Lydia Dodge was the daughter of Nathaniel Dennis and Mary Staniford. Lydia married John Newmarch in 1809. He died three years later, and she then married John Howard Dodge on Nov. 19, 1815, in Ipswich. Their son, Captain Ignatius Dodge (1816 – 1901), inherited the house. He was captain of the ship “July Fourth.” The house remained in the family for years. In the early 1800s, Eunice Hale maintained a school in the building.
A 1927 aerial photo shows 10 County St. with a large shoe shop that was attached to the rear. The rear ell is shown in the 1910 Ipswich map. In the 1884 Ipswich directory, the owner is George W. Spiller, shoe dresser, Farley & Daniels, 28 Summer St., corner of County Street. In the 1896 Ipswich Directory, the house was owned by George Spiller, “retired”.

Restoration photos
Information from the MACRIS site, provided by the Ipswich Historical Commission in 1982:
“This house lot was in the possession of the Dennis family before 1685, when a deed to the abutting lot mentions the “new Dwelling house” of Thomas Dennis on the corner lot (5:133). Stylistic evidence indicates a mid-eighteenth-century date for the present house, the period when John Dennis owned the property. The cellar displays heavily chamfered timbers, probably reused elements from the earlier house. The house is one of the best second-period gambrels in Ipswich. The central hall has never been painted and contains a fine staircase thought to be the work of the Dennis family of craftsmen.
“John Dennis was a Harvard graduate (1730) and served as chaplain at Port St.
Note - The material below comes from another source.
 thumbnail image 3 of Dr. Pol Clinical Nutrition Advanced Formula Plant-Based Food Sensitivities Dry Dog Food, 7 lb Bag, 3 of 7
George and Fort Frederick from 1737 to 1749. He was chosen schoolmaster in Ipswich in 1753. In the early 19th century, Eunice Hale kept a school in the Dennis-Dodge House. The Dodge in the house’s name comes from its mid-19th-century occupant, Capt. Ignatius Dodge, master of the vessel “July Fourth.” The deed to this house contains preservation easements, inserted during its ownership by the Ipswich Heritage Trust.”